One approach is metal overmolding (MOM), which was adopted for the front-end module used on a 2004 light truck in South America. In MOM, a steel stamping is put in an injection mold, where its underside is encapsulated with a reinforced nylon skin. In a secondary step, the plastic surface of the metal insert is then welded to a nylon part using high-speed, robotic methods like ultrasonics. The result is a closed-section structure with continuous bond lines that offer high load-bearing strength. The cored-out structures are dirt resistant and permit functional integration like housing cables and air or water channels.
Rhodia also proposes gas or water injection to put a stiffer, thinner nylon skin on MOM structures. This adds to cost but elevates load-bearing capability and increases functional integration. Rhodia sees potential in front-end modules, brake pedals, and door handles.
Plastic-Metal Assembling is Rhodia’s lower-cost option. It employs U-shaped steel stampings with punched holes. Molded separately are nylon components that incorporate columns or heat stakes that can lock into holes in the stampings. Then, plastic and metal are joined by riveting ends of the plastic columns via ultrasonic or heat staking.
A year ago, BASF introduced metal-collar joining (read 'Collar Joining' Method Makes Plastic-Metal Hybrids), which involves punching 5-mm-diam. “collars” into metal stampings followed by cold pressing the metal part into molded, 30% glass-reinforced nylon 6 or 66 parts. Undercuts in the collars lock the metal to the plastic. Collars can be located anywhere desired.
Initial commercial uses are in the works for front ends and other automotive applications, reports Scott Schlicker, BASF’s manager for advanced development. He says they will appear within a year. A critical benefit of metal-collar joining versus overmolding, he says, is that separate injection molding of the nylon component permits forming closed sections with three-dimensional crossribbing that boosts torsional strength. BASF claims its method is more dimensionally stable and less vulnerable to “metal spring-back” and yields lower reject and scrap rates.

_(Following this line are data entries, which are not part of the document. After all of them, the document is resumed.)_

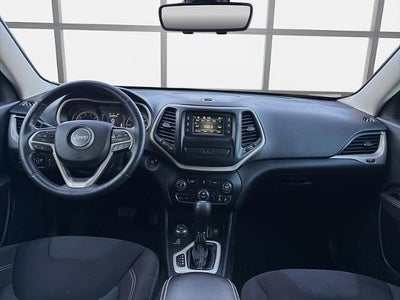 2015 Jeep Cherokee 4d SUV 4WD Latitude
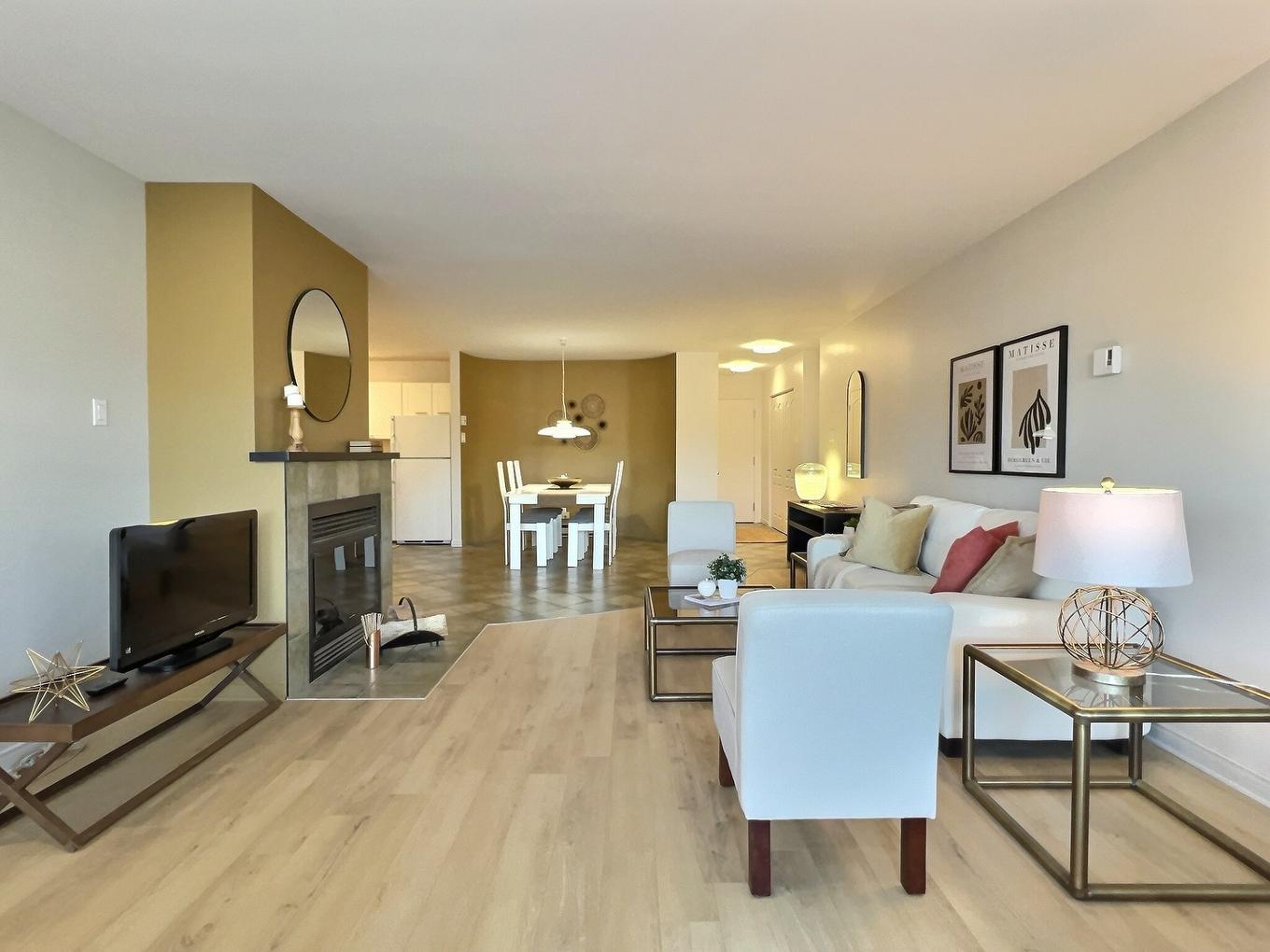 Vue d'ensemble - 109-100 Boul. J.-S.-Archambault, Terrebonne (Terrebonne), QC - Indoor Photo Showing Living Room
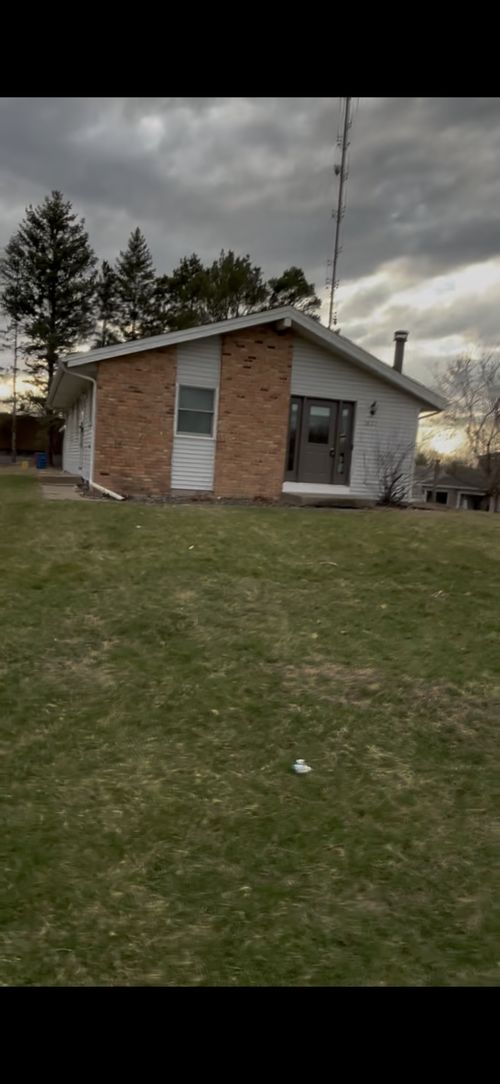 1637 Flag Ave N, Golden Valley, MN, 55427-3701 | Card Image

Bayer is leading efforts to extend hybrid use into appliance housings, portable computers, sporting goods, exercise equipment, water and oil tanks, and office furniture and shelving. Development programs already under way are expected to bear fruit in a few years. Bayer expects methods used in these markets to differ from automotive, where steel dominates and nylon plays a support role in hybrid systems. “Plastics-dominated hybrid” systems are going to emerge in these other markets, with metal inserts being used sparingly at critical stress points, Platte predicts. In shelving and water-tank suspension systems, metal could end up being used primarily in brackets. In bicycle frames and in-line skates, metal would likely be used in critical load-bearing members, with maximum use of plastics to reduce part count and weight and also to increase styling freedom.